Study material: Begin

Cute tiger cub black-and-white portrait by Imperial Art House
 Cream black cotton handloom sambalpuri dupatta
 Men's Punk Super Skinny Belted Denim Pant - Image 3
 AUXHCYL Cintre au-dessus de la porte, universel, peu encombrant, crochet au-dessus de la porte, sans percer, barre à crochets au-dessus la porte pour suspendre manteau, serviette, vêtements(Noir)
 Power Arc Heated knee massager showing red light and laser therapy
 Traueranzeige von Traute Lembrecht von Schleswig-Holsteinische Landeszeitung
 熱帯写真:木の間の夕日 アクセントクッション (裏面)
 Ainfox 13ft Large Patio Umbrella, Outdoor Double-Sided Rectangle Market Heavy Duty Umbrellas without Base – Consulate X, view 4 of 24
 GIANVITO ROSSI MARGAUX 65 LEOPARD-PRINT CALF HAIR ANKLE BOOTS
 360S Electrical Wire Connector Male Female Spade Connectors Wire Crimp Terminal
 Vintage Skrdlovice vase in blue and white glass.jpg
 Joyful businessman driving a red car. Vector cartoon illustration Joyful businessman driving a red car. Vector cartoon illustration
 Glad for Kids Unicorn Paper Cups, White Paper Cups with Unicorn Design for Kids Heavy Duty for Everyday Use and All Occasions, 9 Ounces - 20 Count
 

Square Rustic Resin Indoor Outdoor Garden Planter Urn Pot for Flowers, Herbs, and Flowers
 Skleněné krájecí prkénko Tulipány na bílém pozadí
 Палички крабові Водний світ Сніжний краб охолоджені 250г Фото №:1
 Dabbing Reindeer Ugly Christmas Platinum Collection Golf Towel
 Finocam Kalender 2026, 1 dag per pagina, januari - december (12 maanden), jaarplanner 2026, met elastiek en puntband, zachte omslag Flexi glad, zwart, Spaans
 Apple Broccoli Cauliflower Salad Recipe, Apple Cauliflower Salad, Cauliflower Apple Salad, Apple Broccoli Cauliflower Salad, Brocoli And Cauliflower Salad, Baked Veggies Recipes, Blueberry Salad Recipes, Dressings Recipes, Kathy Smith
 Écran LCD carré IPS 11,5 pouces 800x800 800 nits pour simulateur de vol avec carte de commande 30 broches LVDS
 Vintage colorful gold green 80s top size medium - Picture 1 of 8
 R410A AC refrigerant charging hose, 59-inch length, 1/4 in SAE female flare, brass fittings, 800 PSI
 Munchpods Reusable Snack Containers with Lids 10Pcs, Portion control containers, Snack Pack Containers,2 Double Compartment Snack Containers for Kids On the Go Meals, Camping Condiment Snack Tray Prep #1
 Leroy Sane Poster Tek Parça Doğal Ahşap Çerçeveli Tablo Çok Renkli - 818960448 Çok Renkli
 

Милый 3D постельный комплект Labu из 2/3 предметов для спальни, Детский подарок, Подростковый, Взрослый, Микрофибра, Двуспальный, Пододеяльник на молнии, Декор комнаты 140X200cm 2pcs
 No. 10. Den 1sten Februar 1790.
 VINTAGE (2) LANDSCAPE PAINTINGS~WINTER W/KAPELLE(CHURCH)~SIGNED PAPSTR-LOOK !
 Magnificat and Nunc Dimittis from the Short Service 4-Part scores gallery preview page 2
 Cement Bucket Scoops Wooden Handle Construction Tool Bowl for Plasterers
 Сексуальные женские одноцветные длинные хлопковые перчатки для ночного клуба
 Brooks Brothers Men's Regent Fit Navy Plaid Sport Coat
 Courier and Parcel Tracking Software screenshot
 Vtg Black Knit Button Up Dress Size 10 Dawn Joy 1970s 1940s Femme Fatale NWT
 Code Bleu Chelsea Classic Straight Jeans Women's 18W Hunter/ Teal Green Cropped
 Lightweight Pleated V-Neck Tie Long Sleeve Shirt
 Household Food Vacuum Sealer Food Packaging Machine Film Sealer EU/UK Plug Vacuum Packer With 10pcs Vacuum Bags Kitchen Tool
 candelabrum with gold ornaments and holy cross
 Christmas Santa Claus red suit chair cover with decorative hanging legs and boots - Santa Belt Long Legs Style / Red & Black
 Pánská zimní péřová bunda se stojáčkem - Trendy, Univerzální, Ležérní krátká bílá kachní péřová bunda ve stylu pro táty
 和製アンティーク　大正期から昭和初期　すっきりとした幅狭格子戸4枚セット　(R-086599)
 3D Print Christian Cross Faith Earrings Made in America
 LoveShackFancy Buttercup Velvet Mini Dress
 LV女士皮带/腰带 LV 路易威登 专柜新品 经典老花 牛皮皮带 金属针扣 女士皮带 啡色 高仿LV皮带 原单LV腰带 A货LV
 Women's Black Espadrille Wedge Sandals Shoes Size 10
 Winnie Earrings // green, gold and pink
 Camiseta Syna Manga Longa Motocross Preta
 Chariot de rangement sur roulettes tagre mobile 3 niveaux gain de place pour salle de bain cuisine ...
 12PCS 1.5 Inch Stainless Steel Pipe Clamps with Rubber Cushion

Study material: End

**What to do**
Starting at the line that has "Christmas Santa Claus" in the records above, restate word for word every line until the one that has "Camiseta Syna Manga Longa Motocross Preta", and include that one as well.

**Result of this exercise**
 Christmas Santa Claus red suit chair cover with decorative hanging legs and boots - Santa Belt Long Legs Style / Red & Black
 Pánská zimní péřová bunda se stojáčkem - Trendy, Univerzální, Ležérní krátká bílá kachní péřová bunda ve stylu pro táty
 和製アンティーク　大正期から昭和初期　すっきりとした幅狭格子戸4枚セット　(R-086599)
 3D Print Christian Cross Faith Earrings Made in America
 LoveShackFancy Buttercup Velvet Mini Dress
 LV女士皮带/腰带 LV 路易威登 专柜新品 经典老花 牛皮皮带 金属针扣 女士皮带 啡色 高仿LV皮带 原单LV腰带 A货LV
 Women's Black Espadrille Wedge Sandals Shoes Size 10
 Winnie Earrings // green, gold and pink
 Camiseta Syna Manga Longa Motocross Preta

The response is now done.